Big assumptions being made here, how does the load balancing work?
Does the card resognise that a game which has gone over, for the sake of argument 80 fps, gets cutoff from over using the shaders. Therefore freeing up the remaining shaders for something like tessellation.
Roff i don't understand how nVidia would be immune to stalling, any job that is depended on tessellation would have to wait for the processing to be done before being executed, whether on nVidia or ATi, so stalling is not unique to ATi.
It's a little simpler than that actually:
Each frame has a specific amount of calculation work to do (mostly add-multiply computations of some kind), before it is sent to the backend to be rendered. The "load balancing" algorithm will make an assessment of the amount of work required by each component (shaders, tessellation etc etc), and assign effort based on this assesment (i.e. dedicate certain clocks on certain shaders to one component or the other).

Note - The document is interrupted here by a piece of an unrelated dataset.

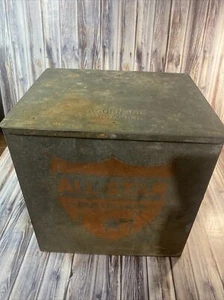 Vintage All Star Dairies Galvanized Porch Milk Box - Picture 1 of 9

Of course, the load balancing algorithm will never give a perfect estimate of the amout of work required by one component or the other, but it can be iteratively improved. That is, if the algorithm under-estimates the amount of work required by the shaders in several consecutive frames (i.e. the shaders are the last to finish their workload) it will adjust the balance at the next frame. Anyway, the point is that this wil happen on a frame-by-frame basis, so the actual framerate the game is running at has no bearing. The goal of the load balancing is to finish each frame as quickly as possible.
...As for the question of which approach to tessellation (ATIs or nvidia's) is best: It's swings and roundabouts really. In situations where you have very little tessellation to do, it makes sense to utilise an external tessellator (like ATI do), as this will always finish before the rest of the workload of the frame, and won't take away from GPU performance at all. If you have a LOT of tessellation, then it's more efficient to balance it over the whole shader region (like nvidia do). In this case, if you have an external tessilator, the rest of the GPU will be just waiting for the tessellation unit to finish.
Anyway, that's what the nvidia graphs above are showing. Of course they have chosen scenarios that show a massive improvement over the 5870, but really all they are expressing is the different approach that to tessilation that has been taken by the two companies.
To summarise:
Very little tessellation: ATIs approach is more effective (no loss of GPU power).
Heavy tessellation: nvidia's approach is more effective (can utilise almost the entire GPU for tessilation)
Where the threshold between the two will occur, and how much tessilation will be used in real-world games, is anyone's guess at this point.